The anti-poetry rant has sloshed around the internet a bit, in the way that these things sometimes do, with visitors being unwittingly led here from Books Inq, the Poetry Foundation, this poetry site and, unexpectedly, this Dutch one. Oddly, not one visitor has yet leapt to the defence of the poets. But then it was a very good rant. Reading it back, it puts me in mind of an episode of Newsnight Review a few months ago, in which Joe Queenan had a proper pop at modern classical music when discussing Birtwhistle's Minotaur. I’ve skipped the beginning for you (Parsons and Myerson), but stick around for his punchline right at the end of the vid….




15 comments:

worm said...

Watercolour pictures are basically visual gruel.

And why, with all the literally boundless things for them to paint in this world, are they drawn like purblind moths to paint only rivers running through valleys?

Though at least its satisfying to see the pitiful sums they fetch at auction

Brit said...

That's the spirit, Worm, stick the boot in...

malty said...

Whilst fully concurring with the sentiments expressed regarding ditty wars I must protest in the strongest terms possible regarding yours and Gaws anti-WC sentiments which are a Windsor and Newton too far.
Three words.. Charles Rennie Mackintosh, whilst Charlies architecture is somewhat suspect, think of Hill House as Gaudi meets Persimmon, and his furniture is brilliant but erratic, his water colours are exquisite bordering on genius. The pinnacle of the visual arts, porridge scoffer wise.
If your assault is against painters in general then may I offer for your delectation Francois Boucher's portrait of Marie Louise O'Murphy. Currently at rest in Koln's Waltraf museum the painting depicts the burd lying on her tum on a Chaise Loungue, chin on hands, legs akimbo looking for all of the world like she is allowing to cool down those parts of her anatomy most generating frictional forces during the grand art of the bonk. If this does not guide you back to the paths of righteousness then you are beyond even my healing powers.

Disgusted
Knockholt Mansions
Ravensbourne Pk Tce
Catford SE6

Brit said...

Funny you should mention Rennie Mackintosh, Malty. Chap I know claims to be directly responsible for the proliferation of RM jewellerey reproduction on the isle of Skye. But it's a long story.

Peter Burnet said...

In defence of watercolourists, they do make a rather charming subject for other watercolourists.
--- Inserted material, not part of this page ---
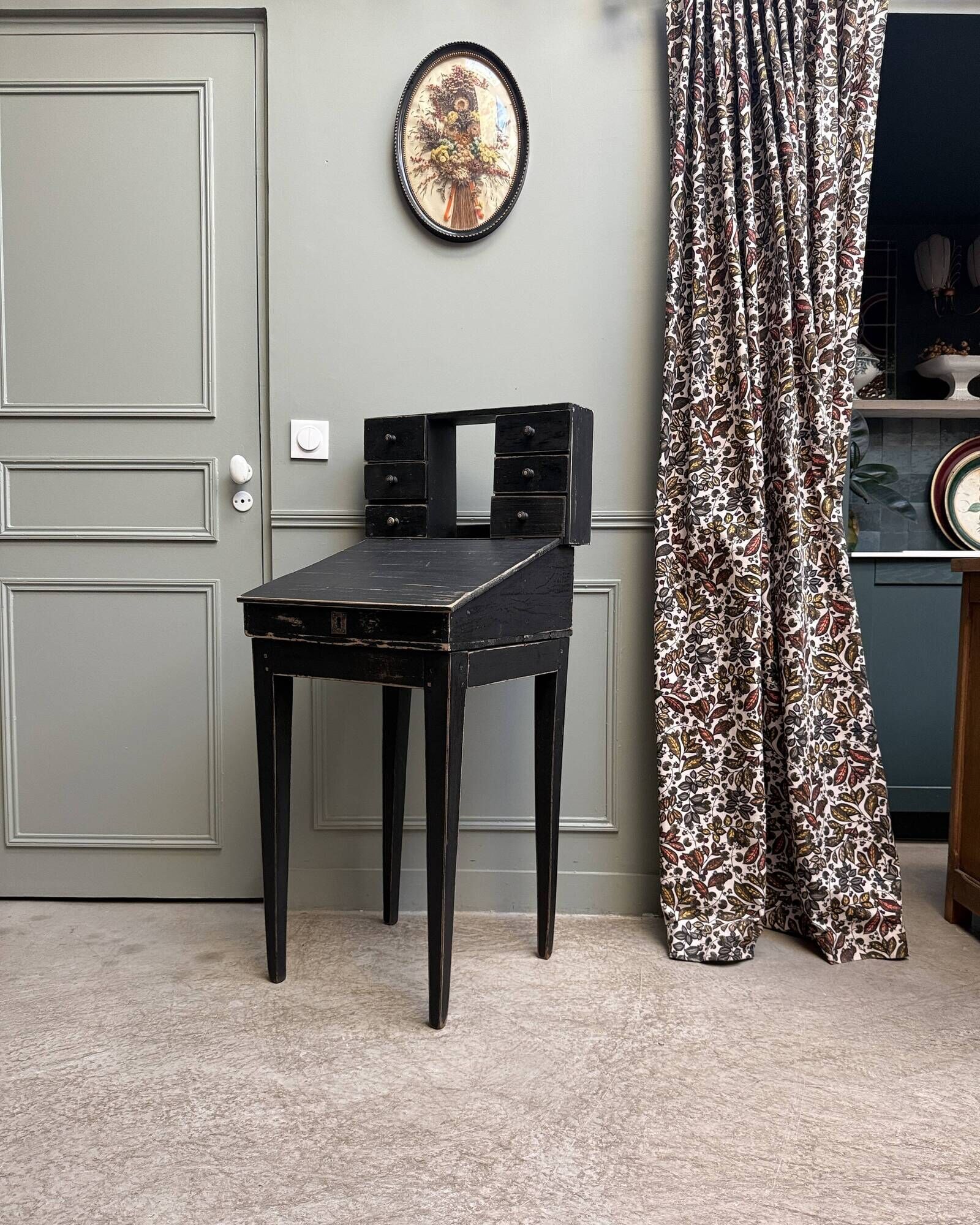 Small black antique graduated desk (renovated)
These are super posts, Brit. It's been so long since I've even bothered with modern poetry and classical music that I'm no longer qualified to condemn and am now just a crabby, middle-aged philistine boring the young with whines about rhyme and melody. But a propos Queenan's wonderful blowaway, one thing I have noticed is the apparent rise of the standing ovation, rare when I was young. It seems that whenever I am trapped into attending some gawdawful modern musical performance, my anger is trebled when I am caught up in a collective surge to one's feet at the end. It never lasts very long, so why? Have modern artists so done a number on us that they have us terrified not to applaud them?

Another serious question. How much do you think this rise of the execrable can be pinned on the fact that faith and love can no longer be celebrated except in superficial, self-conscious ways? We all know what the beautiful people think of religion and, as for love, it's a long way from declaring the giving of oneself to another without reserve (or killing oneself over them) to proclaiming to the world your lover "helps me be myself", no?

worm said...

Just stand and clap all the way through modern classical music performances, it really freaks them out.

malty said...

Worm, yes indeedee, what a strange bunch of herberts, once sat through, at the Edinburgh Festival, the "first performance" of a "new work" by Boulez, conducted by the great frog himself. Saying that this was shite is putting it crudely but accurately. We sat, in the second row, stalls, stony faced and walked out 5 mins before the end, the call of the Cally's bar being irresistible.

Brit said...

Good point Peter. The standing ovation is a greatly devalued commodity.

worm said...

The standing ovation is another victim of emoting inflation. We are encouraged by an americanized media to bawl like babies, scream, wail, throw flowers onto a massive rotting pile, and clap for half an hour - all to validate one's 'experience', which is apparently very important these days.

David said...

I refute it thus.

Brit said...

That watercolourist deserves a standing ovation, David.

malty said...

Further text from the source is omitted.